Recently I was facilitating a workshop on managing difficult conversations. It was interesting to notice that participants had identified two types of difficult conversations: one where the subject matter would have a negative impact on the other person such as discussing poor performance on organizational change. The other is a difficult conversation because of impatience and potential negative feelings about the other person. This element of judgment that carries a personal note has an impact on what we defined as the “likability” factor. The lower the likability factor, the more difficult the conversation.

There was also consensus among the team that there’s a significant correlation with patience.
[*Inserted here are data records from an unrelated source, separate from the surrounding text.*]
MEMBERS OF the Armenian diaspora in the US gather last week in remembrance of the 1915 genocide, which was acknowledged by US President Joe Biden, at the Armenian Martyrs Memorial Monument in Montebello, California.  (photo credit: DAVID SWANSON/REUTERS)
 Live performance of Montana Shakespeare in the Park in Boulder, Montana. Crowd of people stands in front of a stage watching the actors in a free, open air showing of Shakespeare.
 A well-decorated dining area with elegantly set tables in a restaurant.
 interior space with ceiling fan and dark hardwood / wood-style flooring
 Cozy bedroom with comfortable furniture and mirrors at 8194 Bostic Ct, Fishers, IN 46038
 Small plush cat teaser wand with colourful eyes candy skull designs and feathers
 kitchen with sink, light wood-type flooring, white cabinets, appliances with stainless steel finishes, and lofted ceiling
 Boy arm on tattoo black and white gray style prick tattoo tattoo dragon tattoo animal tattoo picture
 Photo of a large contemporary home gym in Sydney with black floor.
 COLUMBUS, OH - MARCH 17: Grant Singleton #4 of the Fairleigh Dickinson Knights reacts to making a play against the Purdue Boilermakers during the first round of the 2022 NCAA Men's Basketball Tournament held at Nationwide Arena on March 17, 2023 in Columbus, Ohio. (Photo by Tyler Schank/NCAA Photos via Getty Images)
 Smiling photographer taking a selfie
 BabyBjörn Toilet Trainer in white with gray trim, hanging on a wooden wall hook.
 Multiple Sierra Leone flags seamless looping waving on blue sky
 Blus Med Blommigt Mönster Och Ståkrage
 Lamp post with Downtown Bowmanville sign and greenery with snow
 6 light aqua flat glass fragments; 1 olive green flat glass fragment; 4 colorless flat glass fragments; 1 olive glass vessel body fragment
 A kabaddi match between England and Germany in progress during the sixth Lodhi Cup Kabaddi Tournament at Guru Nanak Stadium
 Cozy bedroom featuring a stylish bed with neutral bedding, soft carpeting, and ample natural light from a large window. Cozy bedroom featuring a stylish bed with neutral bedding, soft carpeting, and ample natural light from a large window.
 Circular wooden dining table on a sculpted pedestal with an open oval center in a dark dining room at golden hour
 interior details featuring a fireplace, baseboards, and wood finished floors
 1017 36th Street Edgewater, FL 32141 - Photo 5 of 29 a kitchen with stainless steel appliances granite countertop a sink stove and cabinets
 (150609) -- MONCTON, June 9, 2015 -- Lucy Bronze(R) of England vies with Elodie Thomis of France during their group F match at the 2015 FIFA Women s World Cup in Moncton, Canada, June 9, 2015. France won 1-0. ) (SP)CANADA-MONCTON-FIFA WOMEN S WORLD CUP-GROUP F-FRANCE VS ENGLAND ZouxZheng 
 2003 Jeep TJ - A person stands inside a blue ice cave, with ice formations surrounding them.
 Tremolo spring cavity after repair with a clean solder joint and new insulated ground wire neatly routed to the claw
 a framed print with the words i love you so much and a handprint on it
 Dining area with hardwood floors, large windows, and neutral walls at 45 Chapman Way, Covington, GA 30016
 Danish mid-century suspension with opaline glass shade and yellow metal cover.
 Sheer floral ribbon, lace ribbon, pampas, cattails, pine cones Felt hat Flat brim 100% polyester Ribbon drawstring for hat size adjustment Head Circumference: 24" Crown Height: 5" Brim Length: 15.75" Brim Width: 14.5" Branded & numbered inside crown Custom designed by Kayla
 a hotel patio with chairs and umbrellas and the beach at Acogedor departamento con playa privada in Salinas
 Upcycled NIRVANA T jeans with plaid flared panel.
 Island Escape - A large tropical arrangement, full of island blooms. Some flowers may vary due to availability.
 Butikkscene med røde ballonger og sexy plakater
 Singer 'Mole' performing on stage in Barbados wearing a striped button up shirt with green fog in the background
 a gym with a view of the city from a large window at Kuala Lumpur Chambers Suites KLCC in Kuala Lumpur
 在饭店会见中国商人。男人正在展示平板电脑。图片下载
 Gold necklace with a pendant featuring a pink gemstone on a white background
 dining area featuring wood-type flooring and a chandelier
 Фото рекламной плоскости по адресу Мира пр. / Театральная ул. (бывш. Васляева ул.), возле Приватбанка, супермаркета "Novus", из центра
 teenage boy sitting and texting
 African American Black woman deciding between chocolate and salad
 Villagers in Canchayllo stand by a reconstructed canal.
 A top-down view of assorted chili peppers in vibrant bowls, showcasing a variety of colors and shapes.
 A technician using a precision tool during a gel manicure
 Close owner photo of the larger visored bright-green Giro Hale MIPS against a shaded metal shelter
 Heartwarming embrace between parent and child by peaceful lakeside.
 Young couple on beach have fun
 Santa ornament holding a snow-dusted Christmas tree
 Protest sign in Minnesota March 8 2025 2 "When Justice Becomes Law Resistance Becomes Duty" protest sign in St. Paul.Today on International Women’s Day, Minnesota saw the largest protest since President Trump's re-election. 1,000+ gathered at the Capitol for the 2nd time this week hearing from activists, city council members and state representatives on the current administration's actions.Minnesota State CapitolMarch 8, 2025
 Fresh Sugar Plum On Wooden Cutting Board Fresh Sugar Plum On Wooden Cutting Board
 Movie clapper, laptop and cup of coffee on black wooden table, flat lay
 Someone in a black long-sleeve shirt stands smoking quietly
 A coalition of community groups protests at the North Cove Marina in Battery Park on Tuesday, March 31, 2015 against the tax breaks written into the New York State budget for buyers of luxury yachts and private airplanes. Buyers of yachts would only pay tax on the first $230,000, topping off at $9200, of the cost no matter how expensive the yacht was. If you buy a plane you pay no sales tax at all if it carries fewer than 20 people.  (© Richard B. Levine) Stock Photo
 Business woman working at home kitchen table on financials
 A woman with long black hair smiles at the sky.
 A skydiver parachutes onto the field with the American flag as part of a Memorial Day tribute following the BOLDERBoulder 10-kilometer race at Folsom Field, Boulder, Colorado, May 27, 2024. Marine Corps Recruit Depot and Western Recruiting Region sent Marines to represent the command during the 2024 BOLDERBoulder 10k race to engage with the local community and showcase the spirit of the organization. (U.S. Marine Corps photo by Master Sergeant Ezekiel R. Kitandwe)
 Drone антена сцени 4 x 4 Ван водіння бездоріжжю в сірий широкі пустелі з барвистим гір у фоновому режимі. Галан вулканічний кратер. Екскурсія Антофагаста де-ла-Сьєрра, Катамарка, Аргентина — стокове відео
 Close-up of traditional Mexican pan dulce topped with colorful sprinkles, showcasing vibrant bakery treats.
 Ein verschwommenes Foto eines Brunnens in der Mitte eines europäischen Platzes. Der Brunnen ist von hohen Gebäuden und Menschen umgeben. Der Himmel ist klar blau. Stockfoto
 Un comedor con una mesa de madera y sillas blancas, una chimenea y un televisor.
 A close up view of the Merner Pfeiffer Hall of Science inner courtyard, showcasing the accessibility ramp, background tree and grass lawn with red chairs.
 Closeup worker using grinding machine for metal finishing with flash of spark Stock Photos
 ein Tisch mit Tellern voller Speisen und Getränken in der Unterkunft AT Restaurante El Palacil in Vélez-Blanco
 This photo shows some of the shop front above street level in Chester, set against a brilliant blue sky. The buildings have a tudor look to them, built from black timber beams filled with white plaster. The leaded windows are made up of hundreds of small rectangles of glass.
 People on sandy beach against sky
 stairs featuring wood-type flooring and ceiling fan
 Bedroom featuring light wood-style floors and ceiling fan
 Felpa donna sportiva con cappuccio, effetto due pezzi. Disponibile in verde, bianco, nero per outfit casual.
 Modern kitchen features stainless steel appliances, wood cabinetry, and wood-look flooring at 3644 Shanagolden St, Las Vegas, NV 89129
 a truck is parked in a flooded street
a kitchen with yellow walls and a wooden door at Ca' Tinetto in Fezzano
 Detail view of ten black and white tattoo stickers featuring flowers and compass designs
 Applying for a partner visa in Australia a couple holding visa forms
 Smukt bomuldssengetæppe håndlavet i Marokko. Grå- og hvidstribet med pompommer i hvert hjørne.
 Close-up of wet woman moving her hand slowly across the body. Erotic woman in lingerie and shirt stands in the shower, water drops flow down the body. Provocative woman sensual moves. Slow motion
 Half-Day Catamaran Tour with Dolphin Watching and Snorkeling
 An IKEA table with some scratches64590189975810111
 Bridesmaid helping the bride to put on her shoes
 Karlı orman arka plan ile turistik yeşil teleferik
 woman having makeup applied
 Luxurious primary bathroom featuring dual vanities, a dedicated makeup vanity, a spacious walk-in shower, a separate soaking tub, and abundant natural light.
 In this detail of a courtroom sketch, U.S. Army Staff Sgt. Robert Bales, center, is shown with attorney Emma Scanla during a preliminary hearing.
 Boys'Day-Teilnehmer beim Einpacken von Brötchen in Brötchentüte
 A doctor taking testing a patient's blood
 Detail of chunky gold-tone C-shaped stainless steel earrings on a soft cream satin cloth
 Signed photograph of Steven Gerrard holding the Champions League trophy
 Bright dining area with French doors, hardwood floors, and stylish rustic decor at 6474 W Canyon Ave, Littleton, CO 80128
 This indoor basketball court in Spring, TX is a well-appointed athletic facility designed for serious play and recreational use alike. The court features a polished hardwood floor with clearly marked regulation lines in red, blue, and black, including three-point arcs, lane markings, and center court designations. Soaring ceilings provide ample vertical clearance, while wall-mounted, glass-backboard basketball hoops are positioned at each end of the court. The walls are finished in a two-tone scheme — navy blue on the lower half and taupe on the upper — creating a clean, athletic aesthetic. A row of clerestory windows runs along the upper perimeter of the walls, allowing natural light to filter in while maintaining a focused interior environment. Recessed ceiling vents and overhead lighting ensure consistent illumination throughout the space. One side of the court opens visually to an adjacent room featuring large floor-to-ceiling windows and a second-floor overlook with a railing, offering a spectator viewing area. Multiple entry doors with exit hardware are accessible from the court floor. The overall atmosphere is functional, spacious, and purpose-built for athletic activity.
The more one felt impatient, the more difficult the conversation. One team member suggested that a “likability” factor would come into play, as the inferences, attributions and conclusions would increase in terms of a judgmental connotation of the other person. Coincidentally, I had a difficult conversation the day before this workshop, mostly caused by the impatience and judgments I started to form, so this discussion was of personal interest to me as well.

As the team continued exploring, what surfaced was the need to exercise self-awareness around one’s goal in the communication. The team identified two possible goals. One goal is wanting the other to acknowledge my position. It is an advocacy approach and has the tendency to move the conversation toward telling what the other person should do and how they should do it. The other goal is to better understand the other person’s point of view and concerns/aspirations. It is an inquiry approach and much more conducive to an acknowledgment, perhaps even appreciation, and empathy towards the other person.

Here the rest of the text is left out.